In [1]:
import pandas as pd
import seaborn as sns
import matplotlib.pyplot as plt
import numpy as np
%config InlineBackend.figure_format = 'retina'
sns.set_theme()

In [2]:
dtypes = {
    'country': 'category',
    'province': 'category',
    'variety': 'category',
    'region_1': 'category',
    'region_2': 'category',
    
    'description': 'str',

    'quality': 'float'
}
categorical_columns = [k for k,t in dtypes.items() if t=='category']
df = pd.read_csv('../datasets/competition_dataset/dev.tsv', sep='\t', dtype=dtypes,
                 usecols=dtypes.keys())

df = df.drop_duplicates().dropna(subset=['country', 'province'])

for col in categorical_columns:
    unk_cat = f"UNKNOWN_{col}"
    df[col] = df[col].cat.add_categories(unk_cat).fillna(unk_cat)

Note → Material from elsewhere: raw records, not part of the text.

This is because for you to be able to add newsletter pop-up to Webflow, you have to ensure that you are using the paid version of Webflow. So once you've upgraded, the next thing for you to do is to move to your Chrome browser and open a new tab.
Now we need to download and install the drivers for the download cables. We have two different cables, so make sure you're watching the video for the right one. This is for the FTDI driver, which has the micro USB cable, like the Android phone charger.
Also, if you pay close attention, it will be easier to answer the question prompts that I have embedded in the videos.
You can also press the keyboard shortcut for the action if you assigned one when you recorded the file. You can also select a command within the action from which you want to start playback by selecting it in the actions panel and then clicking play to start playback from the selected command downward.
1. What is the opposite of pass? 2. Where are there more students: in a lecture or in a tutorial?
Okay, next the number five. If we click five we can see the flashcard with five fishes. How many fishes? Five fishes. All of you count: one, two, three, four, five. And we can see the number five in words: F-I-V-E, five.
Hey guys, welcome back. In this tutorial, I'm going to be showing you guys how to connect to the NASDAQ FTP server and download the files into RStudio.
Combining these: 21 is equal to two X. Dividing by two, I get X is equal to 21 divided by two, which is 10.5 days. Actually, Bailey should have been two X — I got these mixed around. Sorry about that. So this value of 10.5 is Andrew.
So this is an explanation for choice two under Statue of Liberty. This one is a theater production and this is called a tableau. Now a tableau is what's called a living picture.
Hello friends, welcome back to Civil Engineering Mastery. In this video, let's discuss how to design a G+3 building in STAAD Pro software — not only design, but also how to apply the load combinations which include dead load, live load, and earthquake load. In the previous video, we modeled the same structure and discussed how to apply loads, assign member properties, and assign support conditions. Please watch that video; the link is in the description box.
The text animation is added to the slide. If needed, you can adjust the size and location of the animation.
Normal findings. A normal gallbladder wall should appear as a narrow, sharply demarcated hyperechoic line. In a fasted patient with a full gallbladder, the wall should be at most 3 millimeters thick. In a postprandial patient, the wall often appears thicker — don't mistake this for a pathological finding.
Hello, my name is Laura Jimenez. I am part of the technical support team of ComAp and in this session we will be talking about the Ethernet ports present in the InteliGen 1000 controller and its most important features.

assert len(df) == 85020, "we droppet more that we should have"

df

Unnamed: 0,country,description,province,region_1,region_2,variety,quality
0,France,"A creamed pear wine, with an attractive tang o...",Alsace,Crémant d'Alsace,UNKNOWN_region_2,Pinot Blanc,45.0
1,US,"Simple and dry, this Cabernet has modest black...",California,Paso Robles,Central Coast,Cabernet Sauvignon,31.0
2,US,"This lovely wine captures the floral, perfumed...",Oregon,Willamette Valley,Willamette Valley,Gewürztraminer,35.0
3,Portugal,"The aromas are the thing here, as so often wit...",Alentejano,UNKNOWN_region_1,UNKNOWN_region_2,Touriga Nacional,41.0
4,Italy,"This is an interesting, outright strange wine ...",Southern Italy,Pompeiano,UNKNOWN_region_2,Coda di Volpe,37.0
...,...,...,...,...,...,...,...
120730,France,"Moët's style, with its delicious forward fruit...",Champagne,Champagne,UNKNOWN_region_2,Champagne Blend,59.0
120732,Portugal,"This is soft, young and fruity, with a dominat...",Port,UNKNOWN_region_1,UNKNOWN_region_2,Port,42.0
120733,US,"Showing ripe peach, pineapple and honeysuckle ...",California,Yountville,Napa,Chardonnay,46.0
120735,US,A first release from this new Walla Walla wine...,Washington,Walla Walla Valley (WA),Columbia Valley,Syrah,58.0


In [3]:
from sklearn.model_selection import train_test_split

X_train, X_test, y_train, y_test = train_test_split(df.drop('quality', axis=1), df.quality, random_state=42)

In [4]:
from sklearn.preprocessing import OneHotEncoder

In [5]:
from sklearn.feature_extraction.text import CountVectorizer

In [6]:
from sklearn.pipeline import Pipeline
from sklearn.compose import ColumnTransformer
column_trans = ColumnTransformer([
        ('text_trans', CountVectorizer(binary=True), 'description'),
        ('cat_trans', OneHotEncoder(handle_unknown='ignore'), categorical_columns),
    ],
    remainder='drop'
)

column_trans.fit_transform(X_train), column_trans.transformers[0][1].fit_transform(X_train.description), column_trans.transformers[1][1].fit_transform(X_train[categorical_columns])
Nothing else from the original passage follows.